I will give thrm all a try tomorrow and report back, thanks again.
well here is the orange PLA (faberdashery) the first one didn’t print too well using standard UP temperatures, I changed the print temp to 230, the under extruding problem seems to have gone now but its just not quite as sharp on the bottom of Marvs helpmeet, its the only place I notice it really, grey and white are ABS ,PLA orange in the middle, welcome any thoughts on sharpening up the edge of the helmet in the PLA
You should eb able to go lower on that temp - 230C is more an ABS temp. Faberdashery stuff is usually a better grade of PLA so it would be on the higher end, like 210C. Just listen for a jam towards the first few minutes so you can catch it early if it’s too low and save yourself having to clean out PLA dust form the jam.
Other than that, front and top open of course and a fan direct on the print (wind barrier fan is not enough). If you can’t direct it well on to the print insulate/screen your hotend and nozzle as best you can. Forcing the hotend to work harder can result in more heat working up in to the top of the extruder.
If I may offer my experience with acetone vapor smoothing for ABS.
I find that using only vapor, the detail of the print is damaged too much by the time the required smooth finish is achieved. To overcome this, I do my treatment as a 2 part process :
I use step 1 to strengthen the part ( using the acetone to better join the layers ), and then step 2 to make it look good and glossy.

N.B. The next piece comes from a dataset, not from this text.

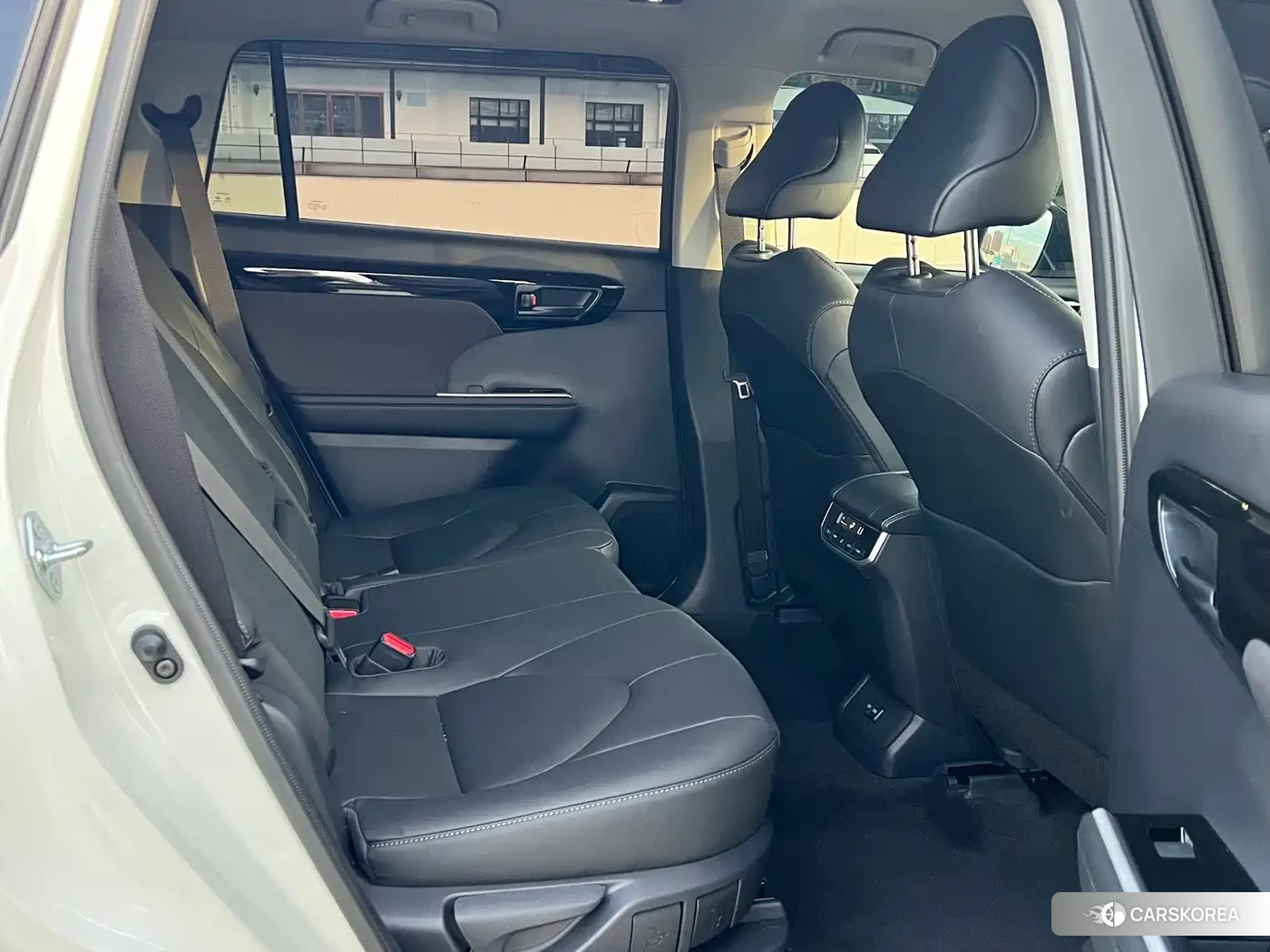 Toyota Highlander 2026 Белый из Китая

Note : I do not sand any part until after step 1. I think that if you sand the part, you are clogging the small gaps between layers with dust and limiting how well the acetone can work.
so step 1 : to strengthen the part, I either dip the entire part in acetone, or if it is larger I use a 1cm wide paintbrush and paint on the acetone. After each I shake / blow off the excess acetone.
After step 1, the part will have a white / light patchy stain over most parts, and you’ll think you have ruined your print - do not worry - you have not.
Leave it for 1 hour for the acetone to evaporate and the ABS to harden. You can then do any sanding that you want.
Step 2 is to give the part the gloss shine - do a hot acetone vapor treatment and you’ll see the discoloration disappear within a few seconds. Vapor treatment only takes about 5 to 10 seconds.
My hot acetone vapor treatment takes me about 4 minutes in total from start to glossy print.
I use an old cheap tin cooking pot, about 2-3 liter capacity. A large deep metal coffee tin would work just as well.
I rinse the pot with a little water, pour out the water, and then heat the pot on an outdoors gas cooker ( bbq ).
Heat until the last of the water has boiled away. This means that the pot is now hot.
Use a small jar to measure about 30ml acetone - keep it covered and away from the gas flame.
Turn off the gas - this is an important step !!
Now pour the acetone in to the pot and put on the lid.
Wait about 20 - 30 seconds for the acetone to vaporize.
Slide off the lid and insert your print ( hanging from a wire or cotton thread ).
You can watch the color return and the gloss appear in a few seconds.
Remove the part and hang to dry for 15 minutes.
Done.
Thanks. I am going to give this a try. I never thought to use acetone to strengthen the layer bond. New tool for the 3D printing tool box.